**Data provided**
=======

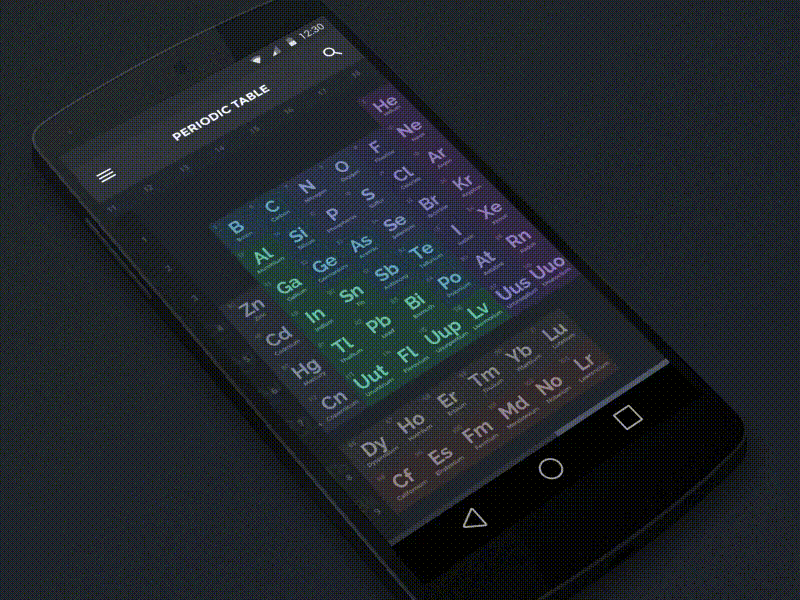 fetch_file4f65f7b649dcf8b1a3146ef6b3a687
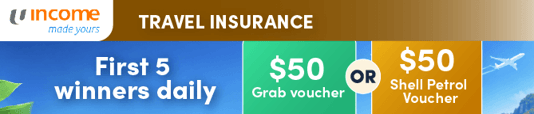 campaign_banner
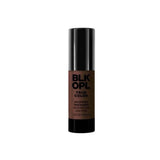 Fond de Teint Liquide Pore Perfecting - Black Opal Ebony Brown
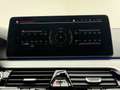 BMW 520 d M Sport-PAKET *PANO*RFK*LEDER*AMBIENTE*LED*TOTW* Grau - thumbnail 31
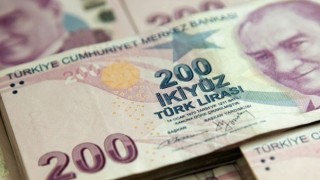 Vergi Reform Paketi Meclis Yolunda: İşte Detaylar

=======

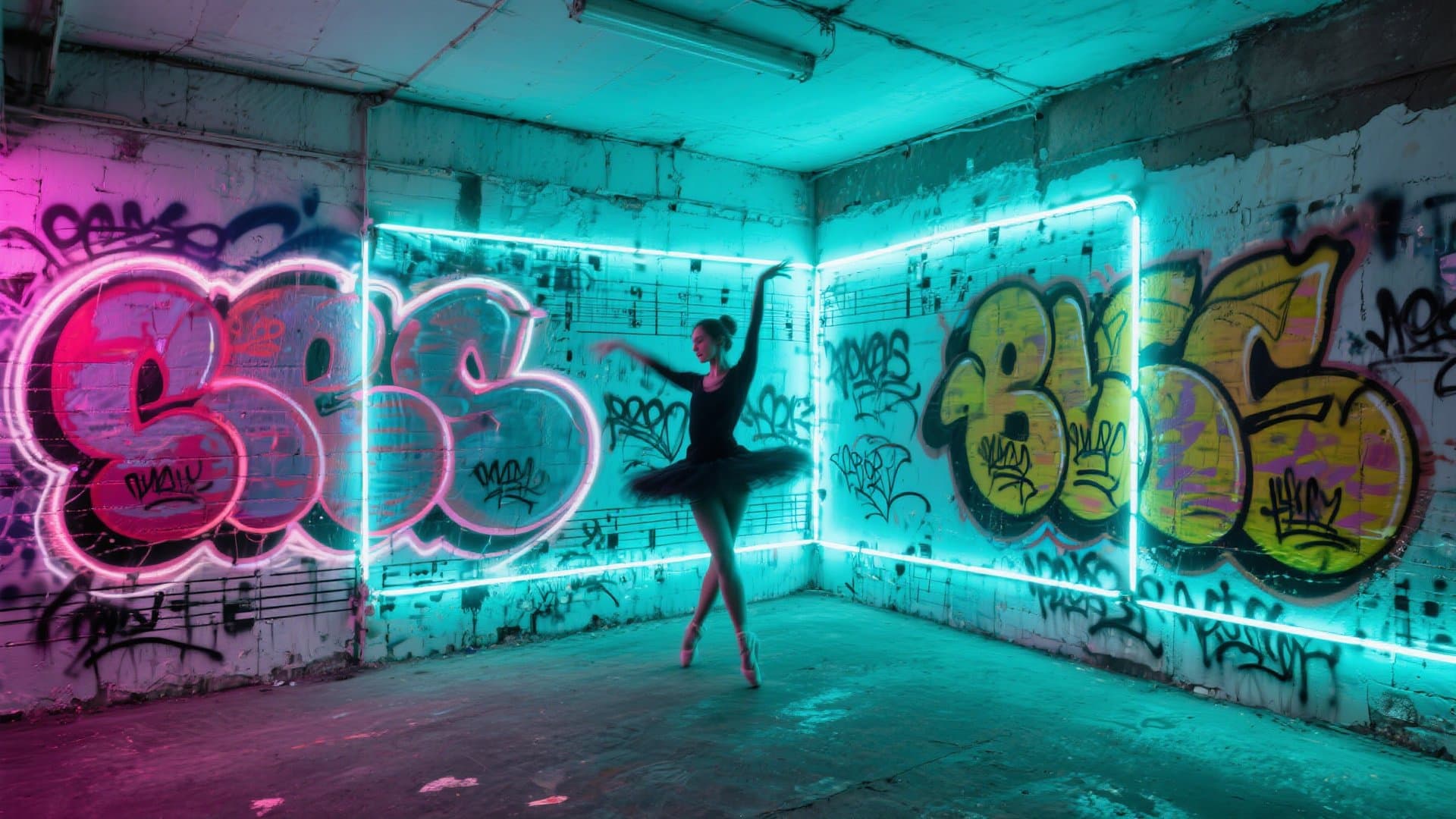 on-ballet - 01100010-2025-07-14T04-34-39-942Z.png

=======

**Goal of the exercise**
Print the line above containing "campaign_banner", the line containing "Vergi Reform Paketi", and everything between them, exactly as written. Pictures stay out.

**Result**
 campaign_banner
 Fond de Teint Liquide Pore Perfecting - Black Opal Ebony Brown
 BMW 520 d M Sport-PAKET *PANO*RFK*LEDER*AMBIENTE*LED*TOTW* Grau - thumbnail 31
 Vergi Reform Paketi Meclis Yolunda: İşte Detaylar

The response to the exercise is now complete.